After Macy died, we read We Were Gonna Have a Baby, But We Had An Angel Instead by Pat Schwiebert, which I had mixed feelings about because I believe in an afterlife, whereas my husband does not. What would we teach Katerina? We compromised. And this book in particular helped her understand that she wasn’t alone, that she wasn’t the only one not coming home with an obvious source of her big sisterhood. We did warn her closer to my due date that Macy wasn’t going to survive. She was likely the only two year old around who could teach other people about what chromosomes are. (And if you know Katerina, I know you’re not surprised.)
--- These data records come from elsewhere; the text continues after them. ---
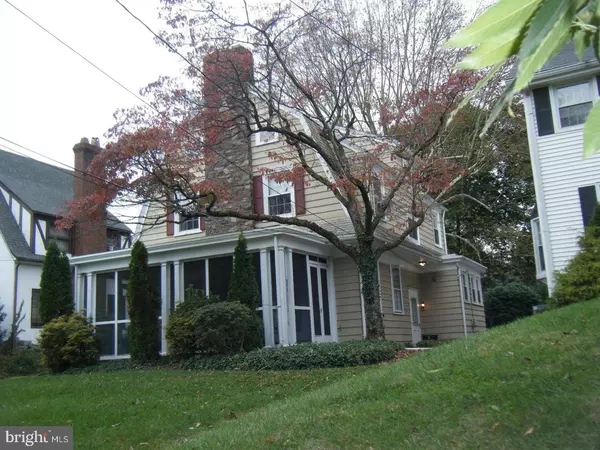 Trenton, NJ 08618,107 BUCKINGHAM AVE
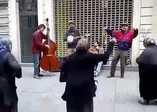 Mendilci teyzelerin müzisyenlere eşlik ettiği anlar sosyal medyayı salladı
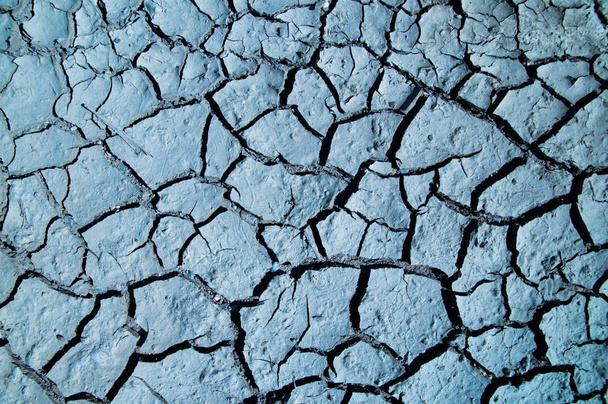 eisblaues Stück Land aus trockenem Boden von oben geschossen - Foto, Bild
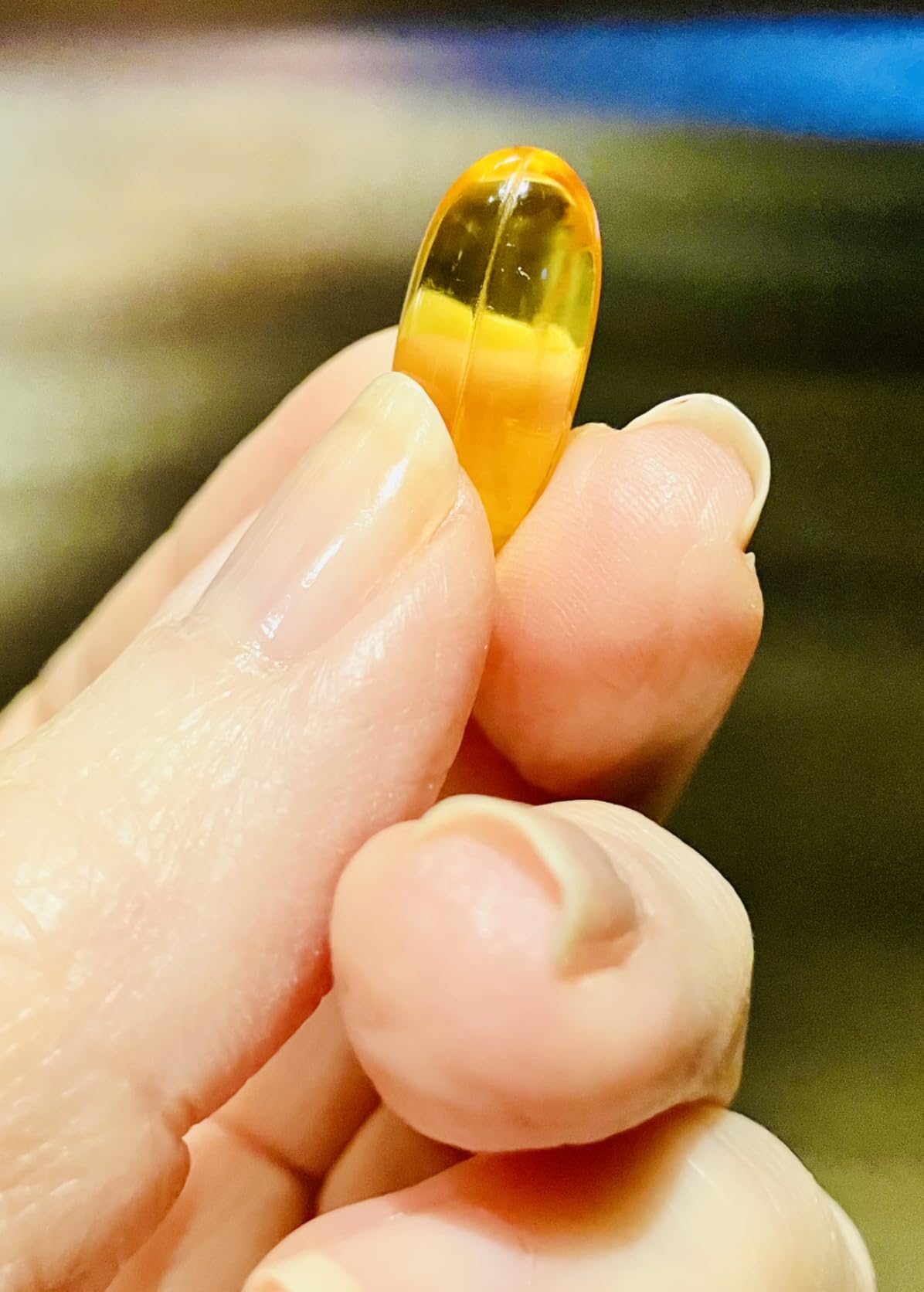 TheraTears Omega 3 Supplement for Eye Care, 1200mg Fish Oil and Organic Flaxseed Oil with Vitamin E, 180 Count customer photo 1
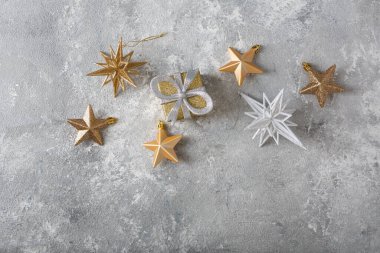 Altın Noel süslemeleri ve fotokopi alanı manzarası düz.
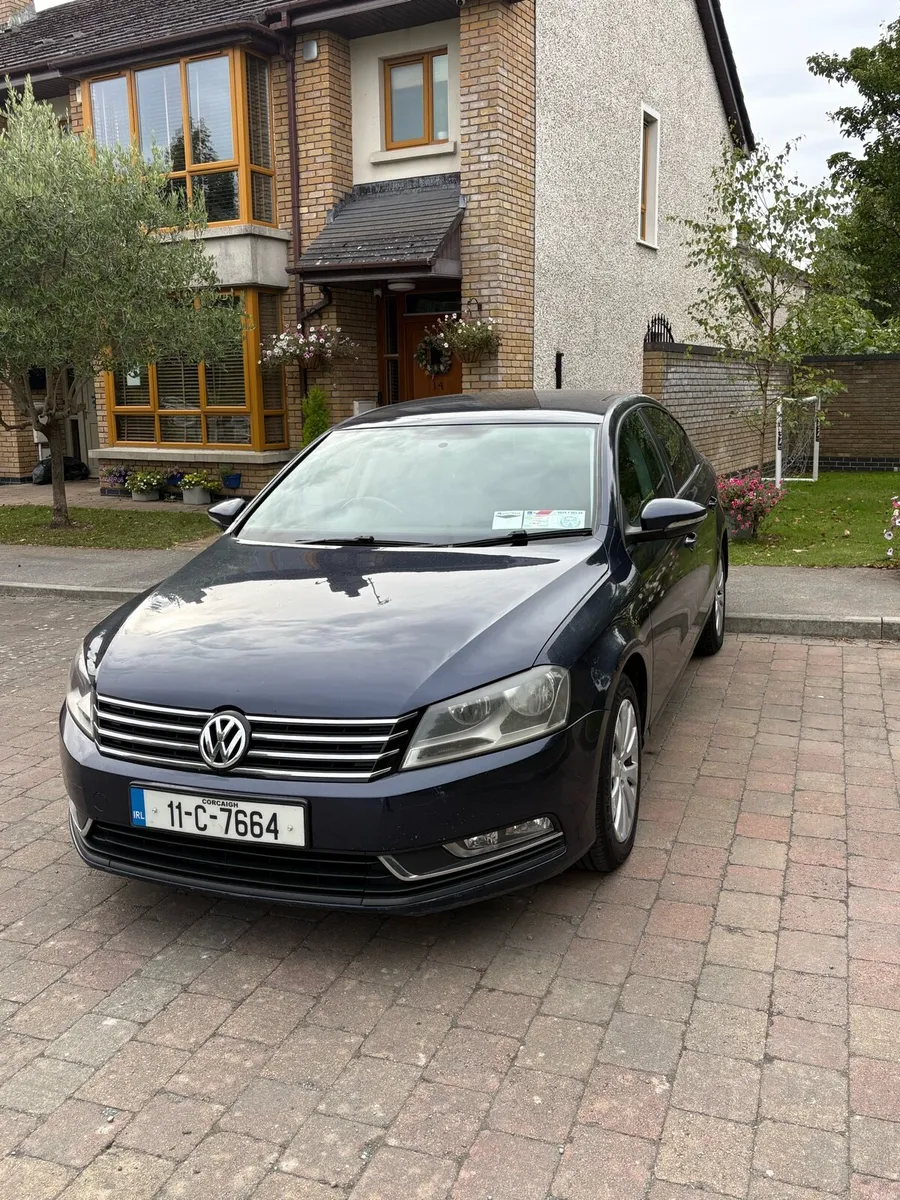 Volkswagen Passat - Image 2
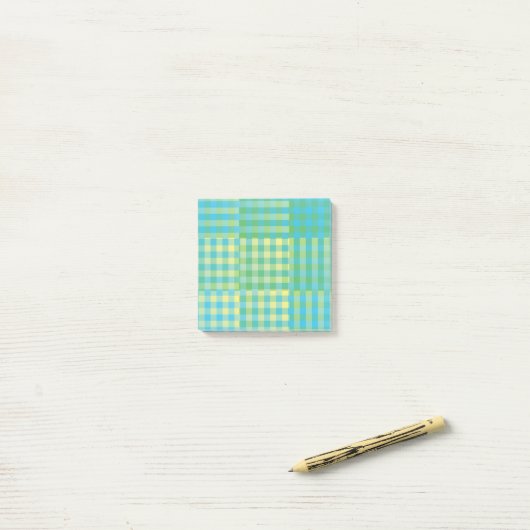 Post-it® Green Blue Yellow Checker Patchwork Pattern (Sur un bureau)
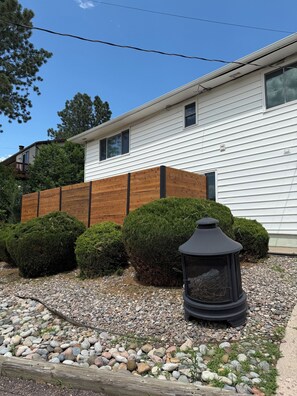 المنشأة من الخارج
We were given a copy of When Someone Very Special Dies written by Marge Heegaard, to be illustrated by children. This book was a fun (Can going through grief be called fun?) interactive book for Katerina. Though she was only two years old when her sister died, she liked to read parts of this book often and she scribbled on a few pictures. When she was older, she came back to this book often as well, and added drawings when she was five. I think it was a way of her coping with the loss she didn’t know she had. In fact, now that I think about, I might purchase another copy of this one for Violet. It may be something ‘concrete’ she can do with her feelings. This book goes through the various stages of death–like how you might feel, a life cycle, what the funeral looked like, a picture of your loved one.
A book I purchased later on—likely when Katerina was 4 or 5 years old was When Dinosaurs Die: A Guide to Understanding Death by Laurie Krasny Brown and Marc Brown. Marc Brown is the same author of the beloved Arthur series. Written in comic strip fashion, this book tackled a lot of the questions that younger ones have regarding death. Again, I think I’ll revisit this one with Violet, who is now six years old. A true example of the cyclical nature of the grieving process.
For all of you families who have lost a child, no matter how fleeting your time with them, I am thinking of you this month. I wish you peace, acceptance, and joy.
Because, yes, sometimes there is still joy, even after death.